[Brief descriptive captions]
◇ ◇ ◇
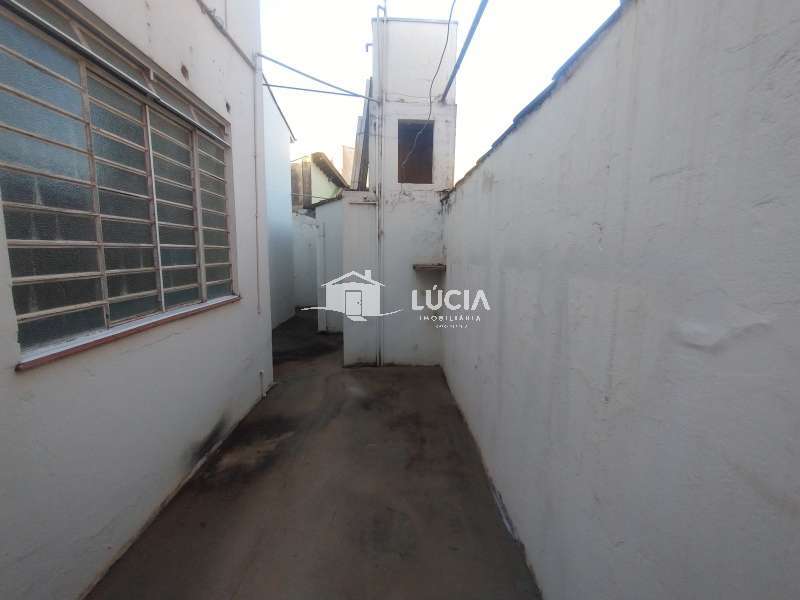 Casa à Aluguel no bairro Centro em Jaú imagem 11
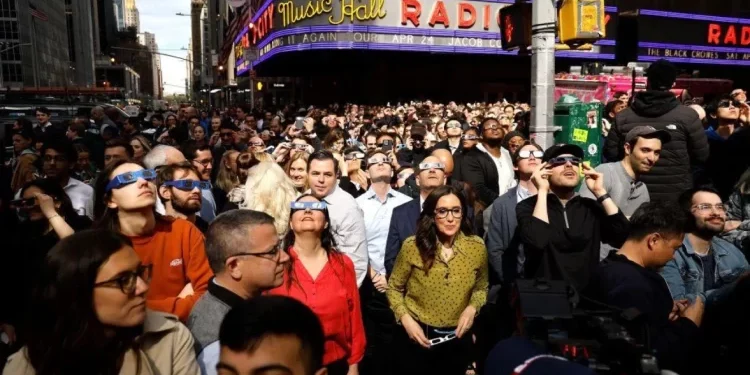 Yılın ilk güneş tutulmasını milyonlarca kişi izledi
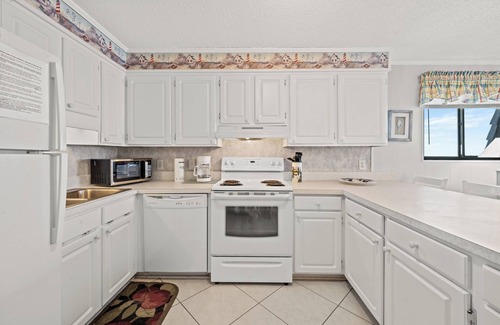 Myrtle Beach Condo | Long Bay Dunes by Elliott Beach Rentals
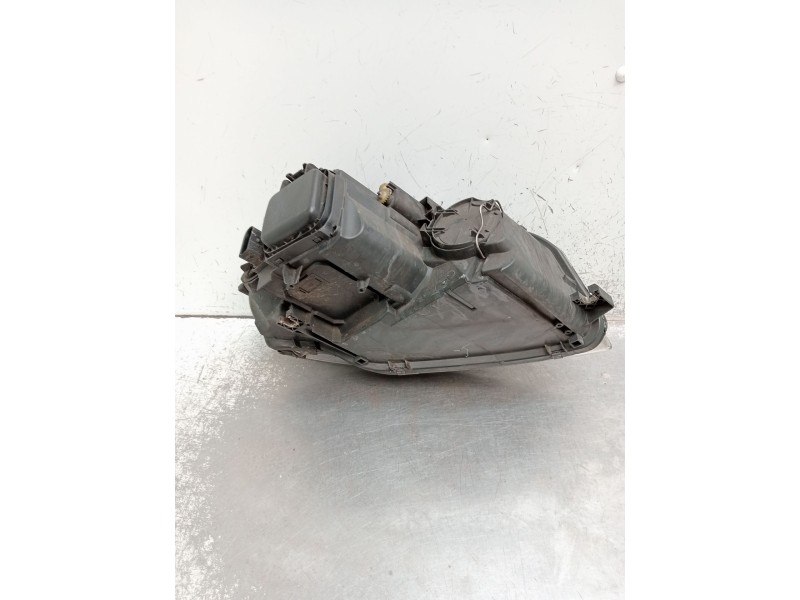Recambio de faro izquierdo para audi a3 (8p1) 2.0 tdi 16v referencia OEM IAM 0301206201 8P0941003K 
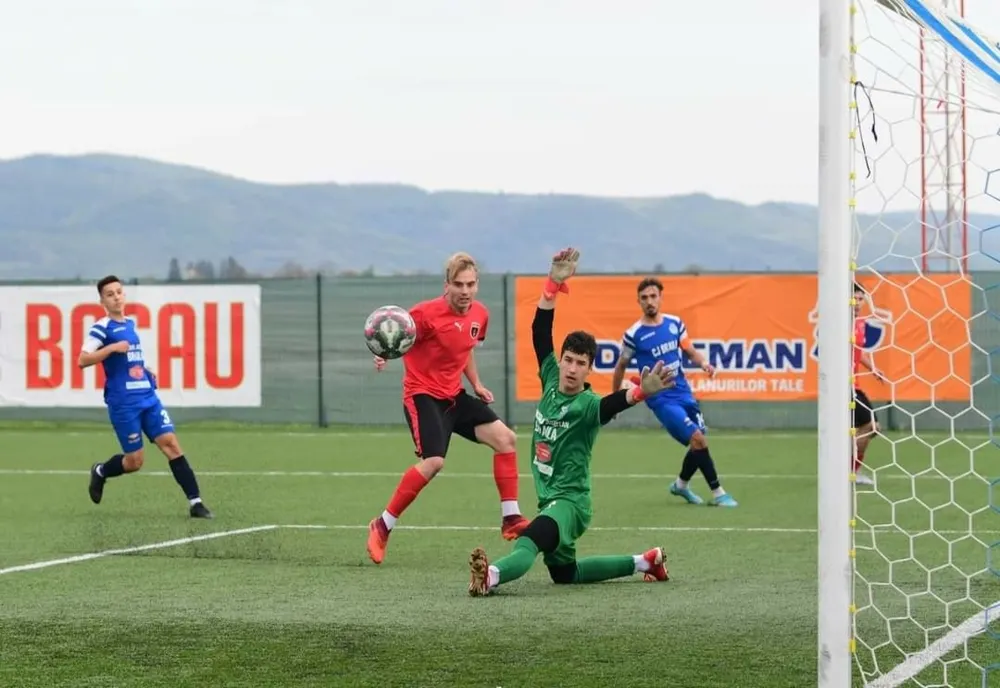Dacia Unirea Brăila a încasat nouă goluri de la Dinamo Bacău, dar spre deosebire de ultimele meciuri au reușit să și înscrie de două ori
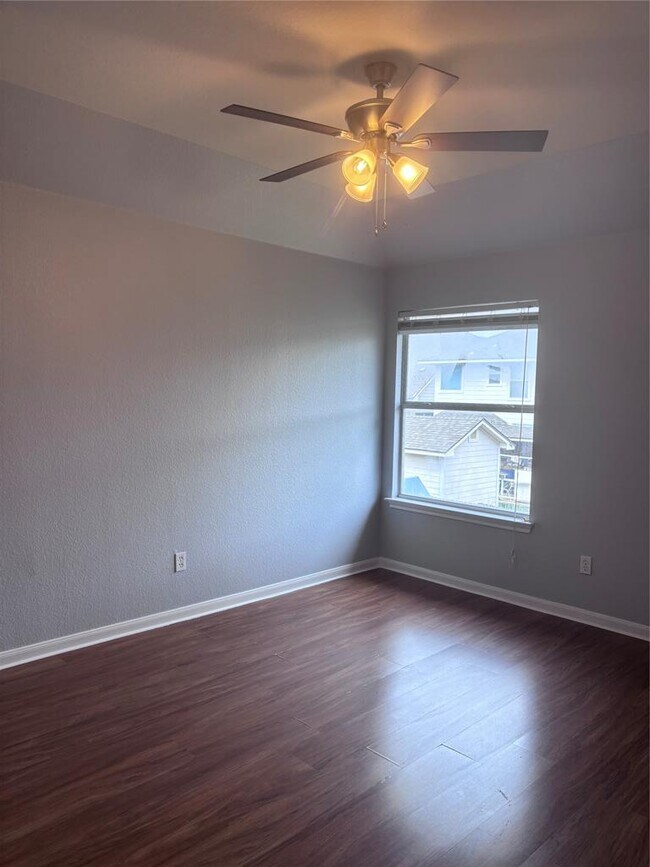 Building Photo - 1704 Lynnville Trail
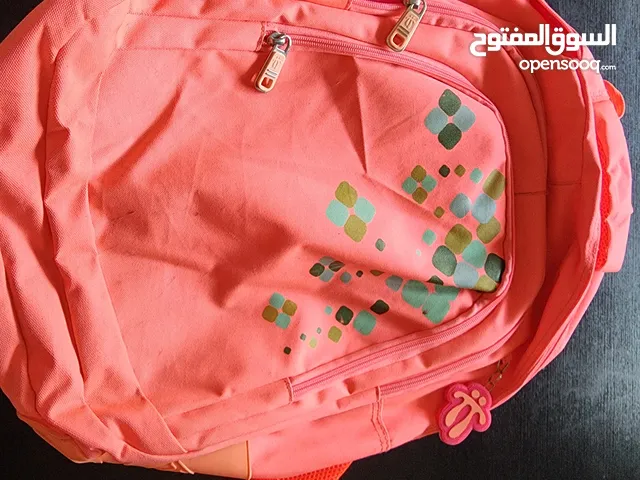 شنطة مدرسية ماركة توتتو الاصلية مستعملة بحالة ممتازة للبيع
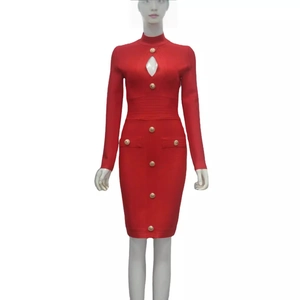 Elegantes rotes Langarm-Bandage-Minikleid mit Cut-out am Ausschnitt und Goldknöpfen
◇ ◇ ◇
* **Your instructions**: The copy should hold exactly the lines from the line containing "Myrtle Beach Condo" through the last line of the records, both included, and no pictures or other lines.

* **Answer to this task**:
 Myrtle Beach Condo | Long Bay Dunes by Elliott Beach Rentals
Recambio de faro izquierdo para audi a3 (8p1) 2.0 tdi 16v referencia OEM IAM 0301206201 8P0941003K 
Dacia Unirea Brăila a încasat nouă goluri de la Dinamo Bacău, dar spre deosebire de ultimele meciuri au reușit să și înscrie de două ori
 Building Photo - 1704 Lynnville Trail
 شنطة مدرسية ماركة توتتو الاصلية مستعملة بحالة ممتازة للبيع
 Elegantes rotes Langarm-Bandage-Minikleid mit Cut-out am Ausschnitt und Goldknöpfen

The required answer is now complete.